So begins T.S. Eliot's anti-epic "The Love Song of J. Alfred Prufrock," and while the navel-gazing of those so addicted to the easy comforts of their own shortcomings has become much more entertaining in the years since the Jazz Age, its near omnipresence as a genre does not make Julian Barnes' "The Sense of an Ending" any less brutal in its verdict on the passively pompous, those who float from moment to moment in life, self-important in their somnambulation.

The story begins genially enough, seemingly a prep school memoir of Tony Webster, whose dominant memory of those days seems to be the appearance of Adrian, who was much more perceptive and prescient than Tony, Colin, and Alex -- the rest of his circle -- much to their chagrin.

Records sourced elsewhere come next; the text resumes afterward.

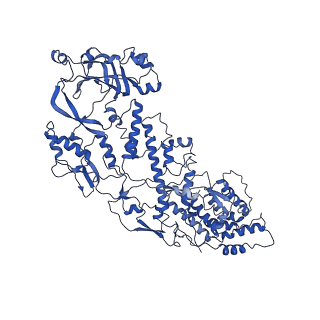 20059_6ogy_G_v1-4
In situ structure of Rotavirus RNA-dependent RNA polymerase at duplex-open state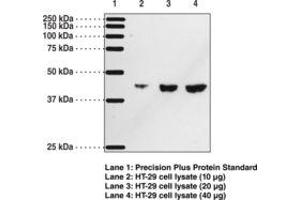 Image no. 1 for anti-Prostaglandin D2 Receptor (PTGDR) antibody (ABIN2451688) (PTGDR antibody)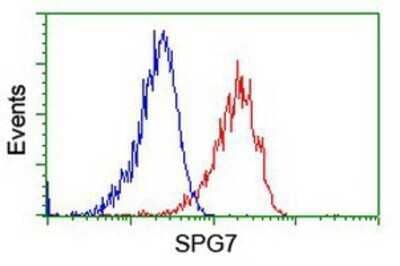 Flow Cytometry: SPG7 Antibody (OTI1C1) - Azide and BSA Free [NBP2-74327]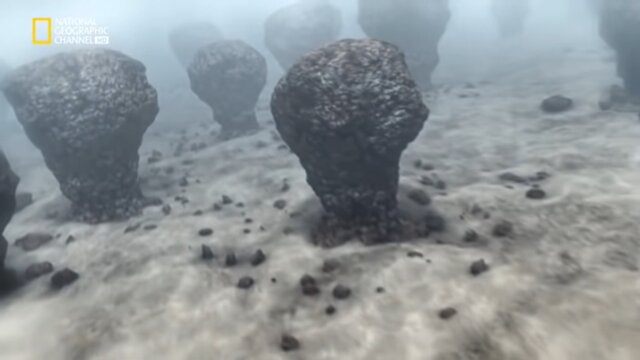 Se forma la vida ( unicelular, bacterias )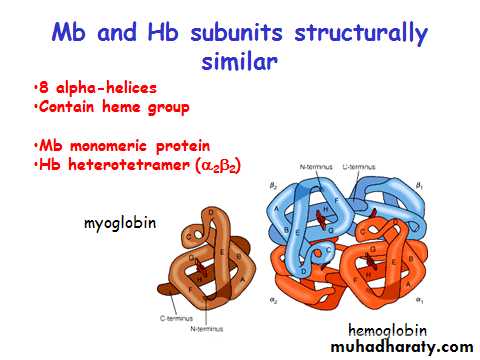 ProteinsEnzymes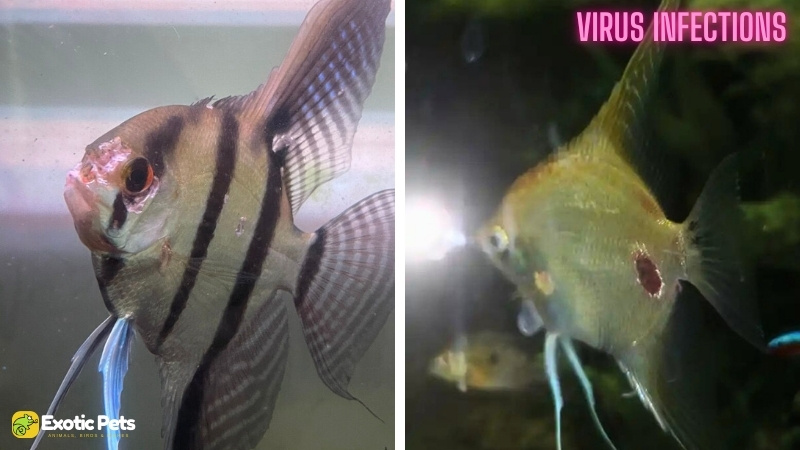 13 Common Angelfish Diseases and Illnesses With Treatment 14 Virus Infections in Angelfish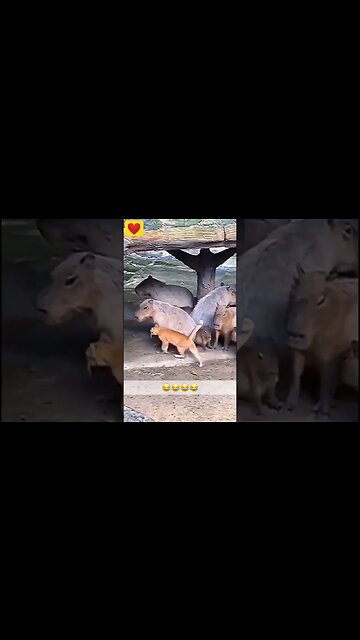 Cat Playing With Other Animals - Vía otak_viral (Ig) #shorts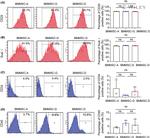 CD29 (Integrin beta 1) Antibody in Flow Cytometry (Flow)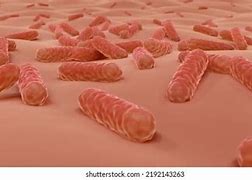 Image result for Microbacterium Skin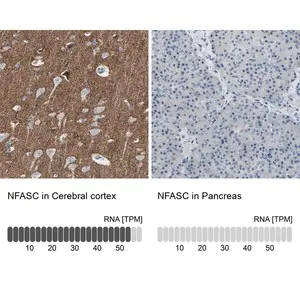 Merck Anti-NFASC antibody produced in rabbit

Tony is much too busy telling us about his own lack of gratification to notice what is going on around him much of the time, even some fairly crucial happenings in his life. He does look up long enough to note Adrian's definition of history: "that certainty produced at the point where the imperfections of memory meet the inadequacies of documentation." On Webster's end, of course, most of the fault is memory, which in his case is eroded by self-centeredness, if not outright self-pity.

Much of the early part of the book details Tony's failed relationship with Veronica; most of the failings have to do with the fact that they never have sex -- until after they break up. On a weekend visit to Veronica's family, her mother eerily warns Tony not to let Veronica "get away with too much." Without giving away too much, it can be said that this may be one of the most effective examples of irony in all of modern literature.

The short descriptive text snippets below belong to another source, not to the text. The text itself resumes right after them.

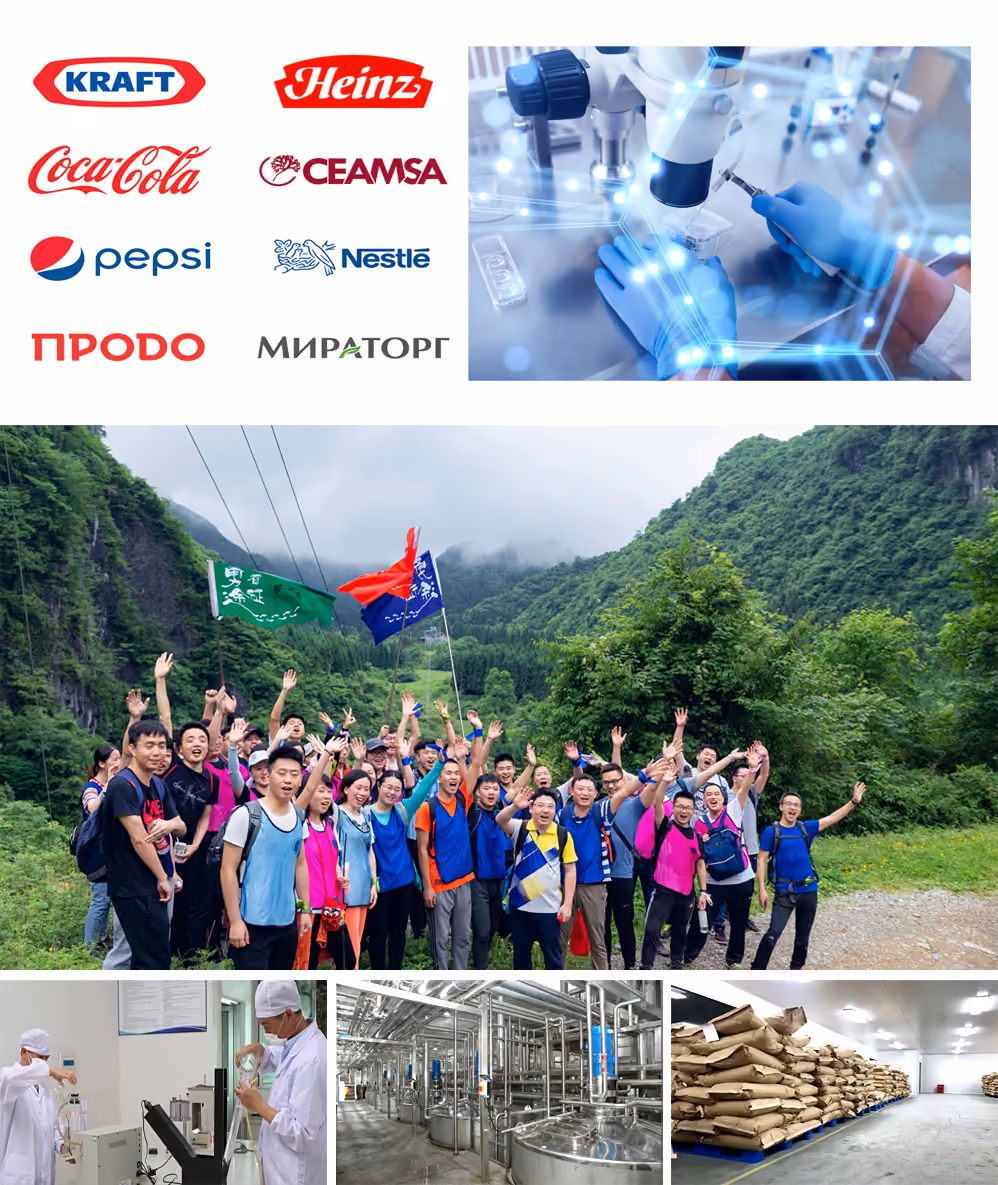 NutraNest Collagen Peptides & Gelatin Manufacturer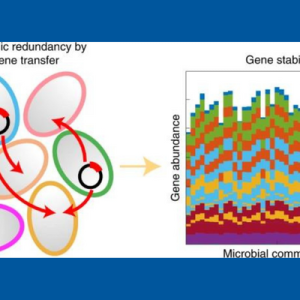 dynamic redundancy by gene transfer and gene stability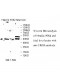 UROD Antibody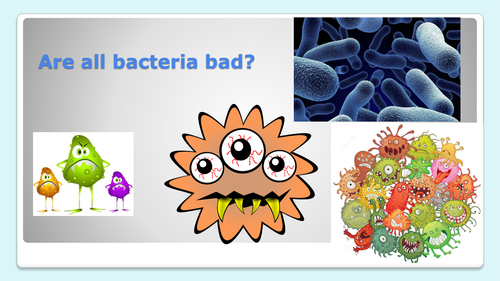 Health & Diet; Bacteria and Digestion (KS3 Activate)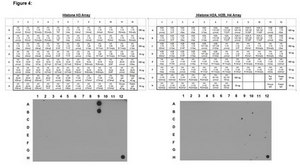 Anti-trimethyl-Histone H3 (Lys4) Antibody, clone 15-10C-E4, Trial Size clone 15-10C-E4, Upstate®, from rabbit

Not long after Tony and Veronica break up, Veronica and Adrian start dating. They write Tony a letter to break the news to him; the response that Tony pens is simply cruel. The fact that Tony can go so far into his memoir without mentioning the letter until Victoria gives it to him, years later, shows how he has glossed over his own sins.

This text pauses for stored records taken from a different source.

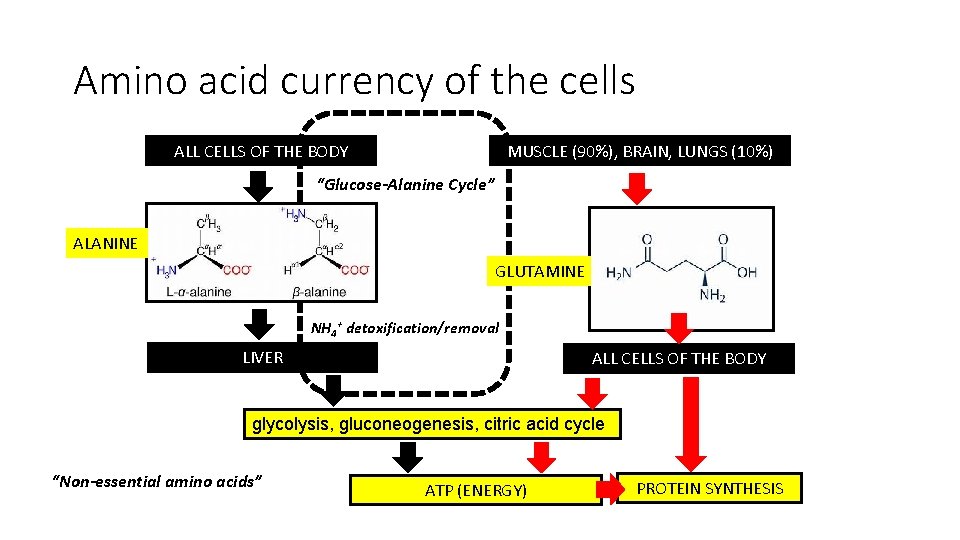 Amino acid currency of the cells ALL CELLS OF THE BODY MUSCLE (90%), BRAIN,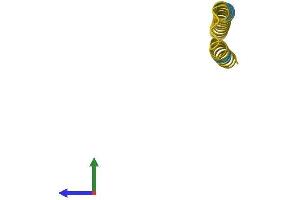 AlphaFold protein structure predicition of Human Recombinant FAM25C Protein, UniprotID B3EWG5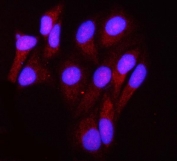 Immunofluorescent staining of FFPE human U-2 OS cells with GRIM19 antibody (red) and DAPI nuclear stain (blue). HIER: steam section in pH6 citrate buffer for 20 min.
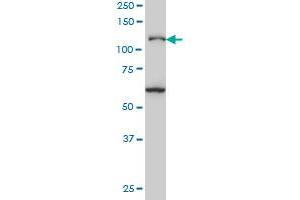 JMY antibody  (AA 535-634)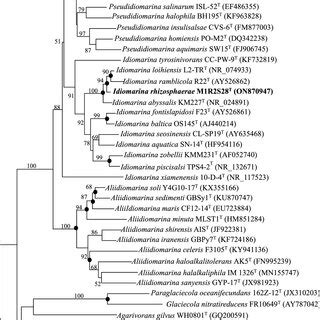 Neighbor Joining Phylogenetic Tree Based On S Rrna Gene Sequences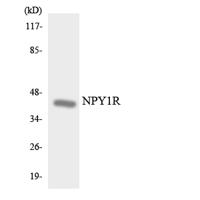 NPY1-R Polyclonal Antibody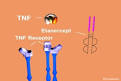 Etanercept (Enbrel), Tumor Necrosis Factor Receptor (TNF) and a 3D ...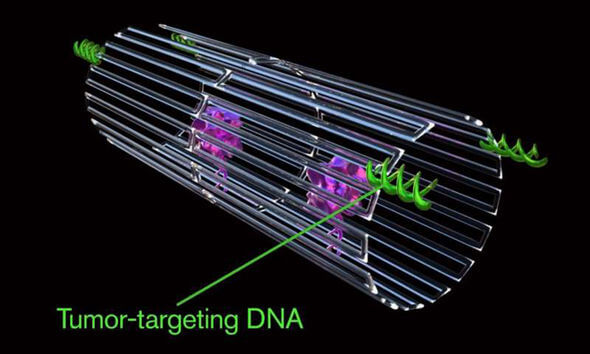 Scientists Created The First Nanorobots Programmed To Shrink Cancer Tumors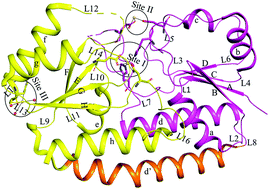 Graphical abstract: Characterization of the heavy metal binding properties of periplasmic metal uptake protein CLas-ZnuA2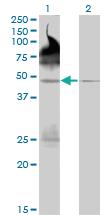 Anti-PALM2 Mouse Monoclonal Antibody [clone: 1A8]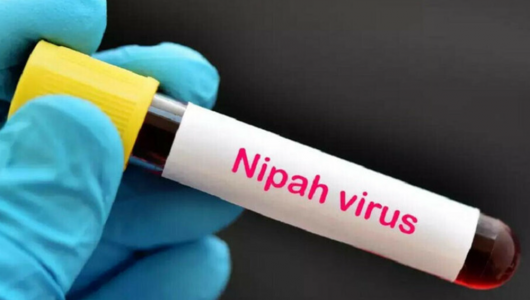 Bộ Y tế yêu cầu cách ly nghiêm ngặt các trường hợp nghi ngờ mắc virus Nipah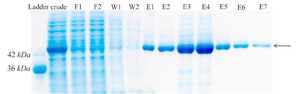<p>Figure 4. Protein purification with Ni-NTA agarose resin. F1-F2: different fractions of flow-through, W1-W2: different fractions of wash, E1-E7: different fractions of elution.</p>
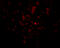 Epstein-Barr Virus Induced 3 antibody, 4967, ProSci, Immunofluorescence image 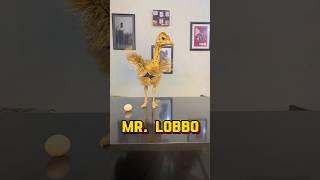 Mr. Lobbo P-1 #shorts #viral #shortvideo #ostrich #wildlife #ostrichegg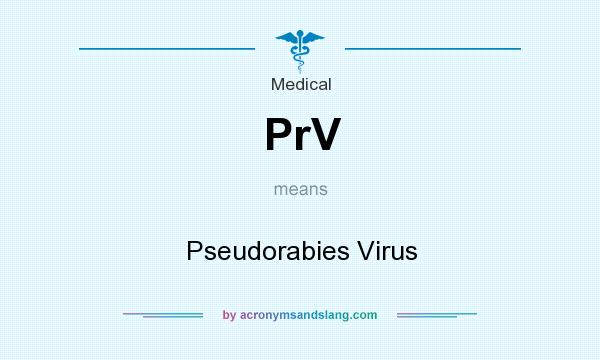 What does PrV mean? It stands for Pseudorabies Virus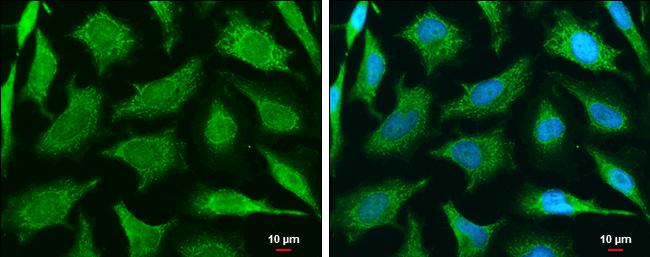 MUL1 Antibody in Immunocytochemistry (ICC/IF)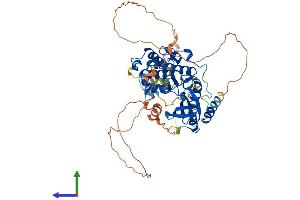 Protein Structure (PS) image for Mitogen-Activated Protein Kinase 15 (MAPK15) (AA 1-549) protein (His tag) (ABIN7558434)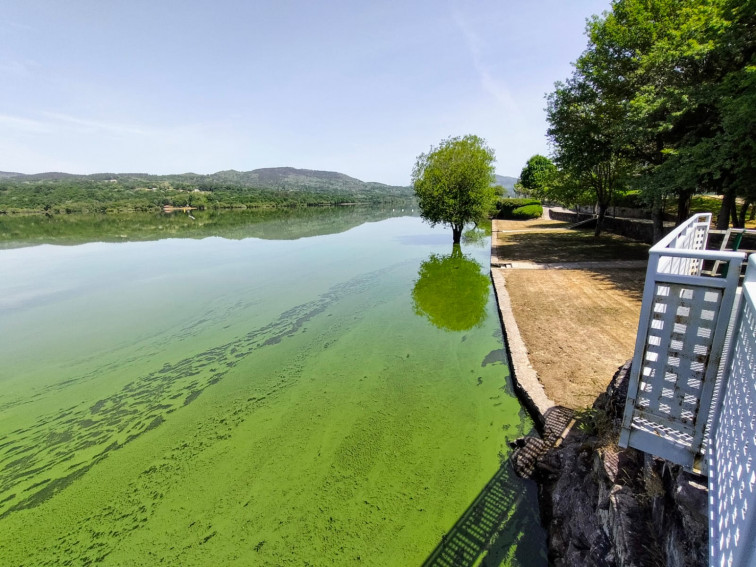 El nivel de contaminación cianobacterias es tan grande en Bande y Muiños que la Xunta prohibe el baño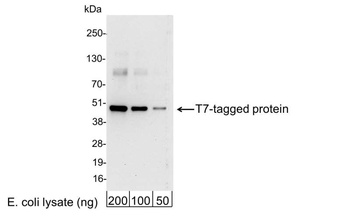 Goat T7 Tag Antibody (HRP)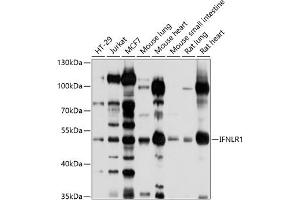 Western blot analysis of extracts of various cell lines, using IFNLR1 antibody (ABIN6129401, ABIN6142210, ABIN6142211 and ABIN6214210) at 1:1000 dilution. (IL28RA Antikörper  (AA 21-228))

Tony then goes to America and travels the country for a time, enjoying what he considers the most rewarding relationship of his life, a dalliance with an independent woman named Annie who gives Tony perhaps what he wants most of all -- someone who wants nothing from him. Upon his return, though, he finds that Adrian has committed suicide. Any sense of grief is hurriedly plastered over with smart remarks, though.

Decades later, when Tony is in his sixties, Veronica's mother dies, bequeathing Tony 500 British pounds and Adrian's diary. Unfortunately, Veronica has the diary and only sends Tony one page of it, claiming to have burned the rest. She agrees to meet Tony and shows him more and more of what her life has become, until he understands the fragment of the diary, Adrian's suicide, the true nature of Veronica's mother, and Veronica's own enduring anger.

Not, of course, until Veronica has told him that he still hasn't gotten it. Many times. Or, as Eliot's mysterious woman said, "That is not what I meant at all; That is not it, at all."

The danger of failing to reach your dreams is that it is extremely possible to turn that disappointment into a soft bitterness toward others. By insulating himself from all meaningful contact with the outside world, Tony has left himself safe, but also powerless. Ultimately, all he can say, when confronted with the full consequences of the letter he wrote on a whim, out of anger, he can only say, "There is accumulation. There is responsibility. And beyond these, there is unrest. There is great unrest." His first impulse, even when broaching the topic of accountability, is to distance himself from the whole mess.

One can see Tony Webster saying this, sitting, as Prufrock did, "in the chambers of the sea by sea-girls wreathed with seaweed red and brown till human voices wake us, and we drown."

Barnes' work is masterful in its lyrical turns of phrase, as he creates a protagonist who is too busy writing lyrically to notice that there is no one in his life left to read them.